Dataset section:

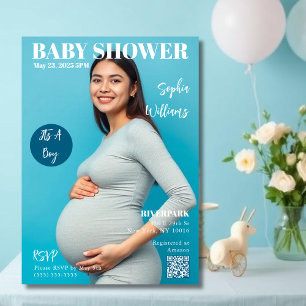 Baby shower Magazine Hoesje Kaart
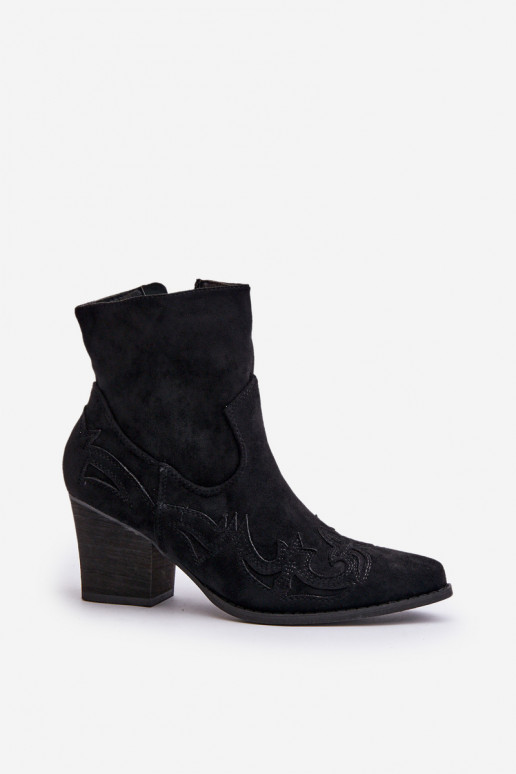 Stiefel im CoZuboy-Stil mit Absätzen aus Öko-INildlederoZue schZuarze Farbe Arabelline Stiefel im CoZuboy-Stil mit Absätzen aus Öko-INildlederoZue schZuarze Farbe Arabelline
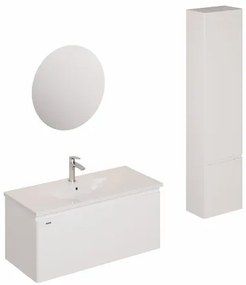 Kúpeľňová zostava s umývadlom vrátane umývadlovej batérie, vtoku a sifónu Naturel Ancona biela KSETANCONA4, 1 ks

Assignment: Repeat the data exactly as given. Keep every picture out of the copy.

Solution to the problem:
 Baby shower Magazine Hoesje Kaart
 Stiefel im CoZuboy-Stil mit Absätzen aus Öko-INildlederoZue schZuarze Farbe Arabelline Stiefel im CoZuboy-Stil mit Absätzen aus Öko-INildlederoZue schZuarze Farbe Arabelline
 Kúpeľňová zostava s umývadlom vrátane umývadlovej batérie, vtoku a sifónu Naturel Ancona biela KSETANCONA4, 1 ks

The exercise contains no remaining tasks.